[Data excerpts]
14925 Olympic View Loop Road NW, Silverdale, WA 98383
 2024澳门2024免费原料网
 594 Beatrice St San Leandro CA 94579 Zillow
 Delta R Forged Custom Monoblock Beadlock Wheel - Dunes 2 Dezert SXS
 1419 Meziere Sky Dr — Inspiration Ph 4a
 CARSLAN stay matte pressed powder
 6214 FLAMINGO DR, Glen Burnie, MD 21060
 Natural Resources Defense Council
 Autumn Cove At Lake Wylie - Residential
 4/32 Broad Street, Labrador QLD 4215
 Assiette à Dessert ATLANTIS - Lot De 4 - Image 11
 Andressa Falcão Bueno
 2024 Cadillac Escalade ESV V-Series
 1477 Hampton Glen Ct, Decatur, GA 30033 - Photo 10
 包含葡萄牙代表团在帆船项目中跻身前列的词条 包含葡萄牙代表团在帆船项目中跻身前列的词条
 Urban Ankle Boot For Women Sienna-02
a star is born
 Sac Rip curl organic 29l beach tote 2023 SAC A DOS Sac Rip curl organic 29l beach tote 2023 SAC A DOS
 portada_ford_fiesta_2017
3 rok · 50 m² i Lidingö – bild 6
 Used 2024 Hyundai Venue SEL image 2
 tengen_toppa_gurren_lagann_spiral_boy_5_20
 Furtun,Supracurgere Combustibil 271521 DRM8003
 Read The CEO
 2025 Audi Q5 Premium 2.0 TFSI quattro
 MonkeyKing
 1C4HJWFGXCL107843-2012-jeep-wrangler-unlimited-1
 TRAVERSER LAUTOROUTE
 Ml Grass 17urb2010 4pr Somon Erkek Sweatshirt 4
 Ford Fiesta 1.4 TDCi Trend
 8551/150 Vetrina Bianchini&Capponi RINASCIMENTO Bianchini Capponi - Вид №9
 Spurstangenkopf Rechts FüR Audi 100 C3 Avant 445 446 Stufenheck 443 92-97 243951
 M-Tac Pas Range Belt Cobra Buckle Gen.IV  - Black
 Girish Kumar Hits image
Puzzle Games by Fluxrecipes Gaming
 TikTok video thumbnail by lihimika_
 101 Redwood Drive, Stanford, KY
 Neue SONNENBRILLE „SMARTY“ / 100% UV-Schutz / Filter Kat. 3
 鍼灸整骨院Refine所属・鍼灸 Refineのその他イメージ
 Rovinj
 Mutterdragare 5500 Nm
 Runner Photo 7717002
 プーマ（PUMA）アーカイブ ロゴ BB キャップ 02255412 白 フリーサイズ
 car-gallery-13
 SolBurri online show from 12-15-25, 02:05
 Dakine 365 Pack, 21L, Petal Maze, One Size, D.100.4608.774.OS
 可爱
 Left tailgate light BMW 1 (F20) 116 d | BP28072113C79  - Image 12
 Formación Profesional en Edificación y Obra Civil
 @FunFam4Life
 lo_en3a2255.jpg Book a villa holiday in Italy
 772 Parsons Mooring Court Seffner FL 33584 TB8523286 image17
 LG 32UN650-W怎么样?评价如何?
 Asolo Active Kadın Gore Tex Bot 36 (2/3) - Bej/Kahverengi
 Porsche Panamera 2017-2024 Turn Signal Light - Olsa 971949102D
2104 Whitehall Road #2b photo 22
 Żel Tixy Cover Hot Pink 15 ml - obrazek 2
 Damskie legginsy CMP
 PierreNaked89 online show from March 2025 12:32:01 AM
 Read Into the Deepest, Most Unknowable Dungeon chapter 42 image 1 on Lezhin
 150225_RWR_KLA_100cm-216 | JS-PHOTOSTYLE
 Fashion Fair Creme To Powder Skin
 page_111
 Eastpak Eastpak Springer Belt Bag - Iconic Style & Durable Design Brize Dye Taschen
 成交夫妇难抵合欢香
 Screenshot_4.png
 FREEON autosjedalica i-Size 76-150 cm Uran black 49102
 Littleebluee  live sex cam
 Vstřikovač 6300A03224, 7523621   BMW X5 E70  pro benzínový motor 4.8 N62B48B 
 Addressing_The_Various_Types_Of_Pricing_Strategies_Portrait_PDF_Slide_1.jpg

PROBLEM: Transcribe all the data word for word, as it appears above.

RESPONSE AREA:
14925 Olympic View Loop Road NW, Silverdale, WA 98383
 2024澳门2024免费原料网
 594 Beatrice St San Leandro CA 94579 Zillow
 Delta R Forged Custom Monoblock Beadlock Wheel - Dunes 2 Dezert SXS
 1419 Meziere Sky Dr — Inspiration Ph 4a
 CARSLAN stay matte pressed powder
 6214 FLAMINGO DR, Glen Burnie, MD 21060
 Natural Resources Defense Council
 Autumn Cove At Lake Wylie - Residential
 4/32 Broad Street, Labrador QLD 4215
 Assiette à Dessert ATLANTIS - Lot De 4 - Image 11
 Andressa Falcão Bueno
 2024 Cadillac Escalade ESV V-Series
 1477 Hampton Glen Ct, Decatur, GA 30033 - Photo 10
 包含葡萄牙代表团在帆船项目中跻身前列的词条 包含葡萄牙代表团在帆船项目中跻身前列的词条
 Urban Ankle Boot For Women Sienna-02
a star is born
 Sac Rip curl organic 29l beach tote 2023 SAC A DOS Sac Rip curl organic 29l beach tote 2023 SAC A DOS
 portada_ford_fiesta_2017
3 rok · 50 m² i Lidingö – bild 6
 Used 2024 Hyundai Venue SEL image 2
 tengen_toppa_gurren_lagann_spiral_boy_5_20
 Furtun,Supracurgere Combustibil 271521 DRM8003
 Read The CEO
 2025 Audi Q5 Premium 2.0 TFSI quattro
 MonkeyKing
 1C4HJWFGXCL107843-2012-jeep-wrangler-unlimited-1
 TRAVERSER LAUTOROUTE
 Ml Grass 17urb2010 4pr Somon Erkek Sweatshirt 4
 Ford Fiesta 1.4 TDCi Trend
 8551/150 Vetrina Bianchini&Capponi RINASCIMENTO Bianchini Capponi - Вид №9
 Spurstangenkopf Rechts FüR Audi 100 C3 Avant 445 446 Stufenheck 443 92-97 243951
 M-Tac Pas Range Belt Cobra Buckle Gen.IV  - Black
 Girish Kumar Hits image
Puzzle Games by Fluxrecipes Gaming
 TikTok video thumbnail by lihimika_
 101 Redwood Drive, Stanford, KY
 Neue SONNENBRILLE „SMARTY“ / 100% UV-Schutz / Filter Kat. 3
 鍼灸整骨院Refine所属・鍼灸 Refineのその他イメージ
 Rovinj
 Mutterdragare 5500 Nm
 Runner Photo 7717002
 プーマ（PUMA）アーカイブ ロゴ BB キャップ 02255412 白 フリーサイズ
 car-gallery-13
 SolBurri online show from 12-15-25, 02:05
 Dakine 365 Pack, 21L, Petal Maze, One Size, D.100.4608.774.OS
 可爱
 Left tailgate light BMW 1 (F20) 116 d | BP28072113C79  - Image 12
 Formación Profesional en Edificación y Obra Civil
 @FunFam4Life
 lo_en3a2255.jpg Book a villa holiday in Italy
 772 Parsons Mooring Court Seffner FL 33584 TB8523286 image17
 LG 32UN650-W怎么样?评价如何?
 Asolo Active Kadın Gore Tex Bot 36 (2/3) - Bej/Kahverengi
 Porsche Panamera 2017-2024 Turn Signal Light - Olsa 971949102D
2104 Whitehall Road #2b photo 22
 Żel Tixy Cover Hot Pink 15 ml - obrazek 2
 Damskie legginsy CMP
 PierreNaked89 online show from March 2025 12:32:01 AM
 Read Into the Deepest, Most Unknowable Dungeon chapter 42 image 1 on Lezhin
 150225_RWR_KLA_100cm-216 | JS-PHOTOSTYLE
 Fashion Fair Creme To Powder Skin
 page_111
 Eastpak Eastpak Springer Belt Bag - Iconic Style & Durable Design Brize Dye Taschen
 成交夫妇难抵合欢香
 Screenshot_4.png
 FREEON autosjedalica i-Size 76-150 cm Uran black 49102
 Littleebluee  live sex cam
 Vstřikovač 6300A03224, 7523621   BMW X5 E70  pro benzínový motor 4.8 N62B48B 
 Addressing_The_Various_Types_Of_Pricing_Strategies_Portrait_PDF_Slide_1.jpg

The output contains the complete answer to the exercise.